[The records — start]

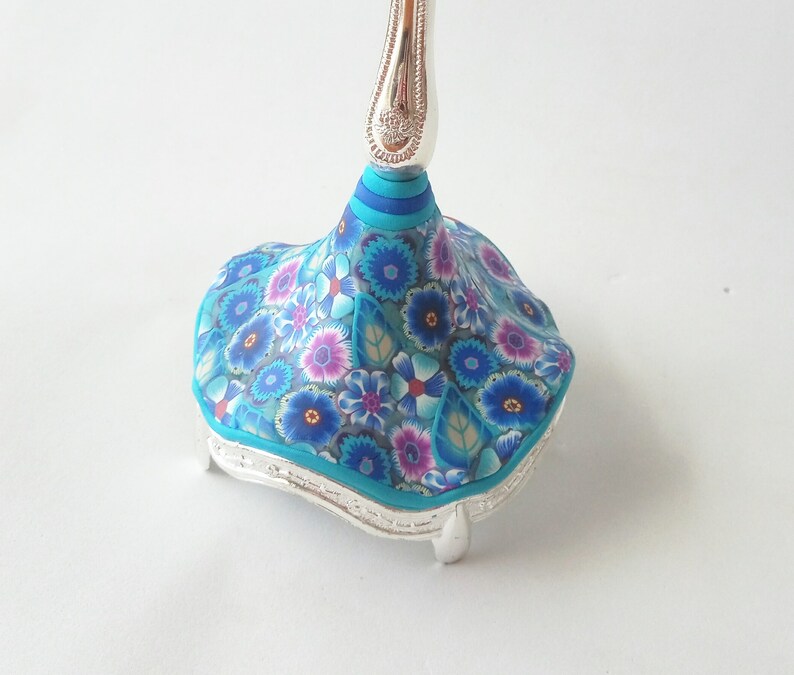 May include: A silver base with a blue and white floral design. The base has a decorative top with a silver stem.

[The records — finish]
[The records — start]

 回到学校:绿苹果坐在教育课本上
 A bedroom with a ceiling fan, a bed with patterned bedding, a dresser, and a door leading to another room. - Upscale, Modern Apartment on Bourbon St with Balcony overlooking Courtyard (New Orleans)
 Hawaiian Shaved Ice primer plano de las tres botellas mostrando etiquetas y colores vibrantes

[The records — finish]
[The records — start]

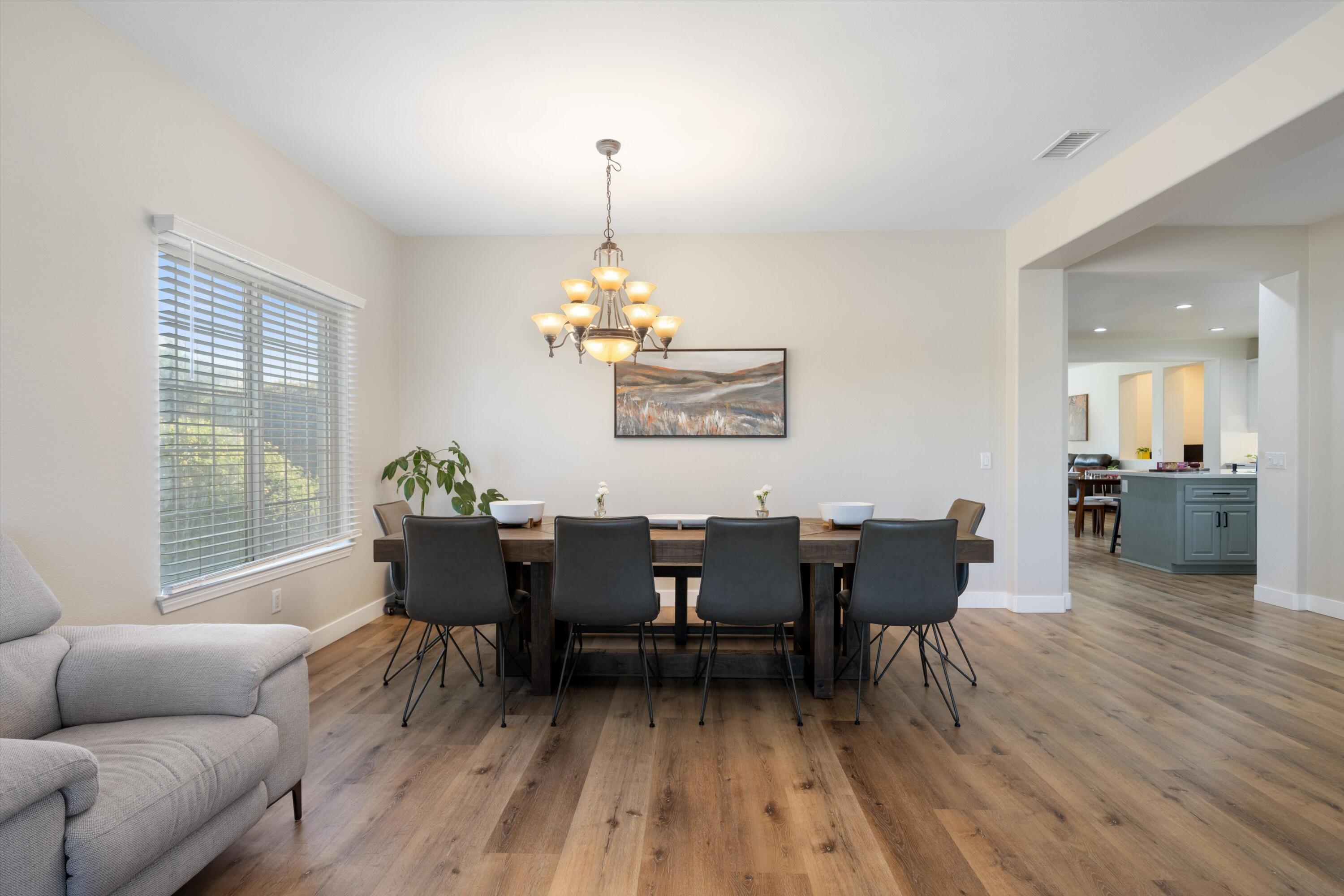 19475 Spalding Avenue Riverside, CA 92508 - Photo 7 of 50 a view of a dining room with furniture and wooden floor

[The records — finish]

▶ What you need to do: Repeat exactly the lines of the listing above, from the one with "回到学校:绿苹果坐在教育课本上" down to the one with "Hawaiian Shaved Ice"; both of those lines belong in the range.

▶ Answer area:
 回到学校:绿苹果坐在教育课本上
 A bedroom with a ceiling fan, a bed with patterned bedding, a dresser, and a door leading to another room. - Upscale, Modern Apartment on Bourbon St with Balcony overlooking Courtyard (New Orleans)
 Hawaiian Shaved Ice primer plano de las tres botellas mostrando etiquetas y colores vibrantes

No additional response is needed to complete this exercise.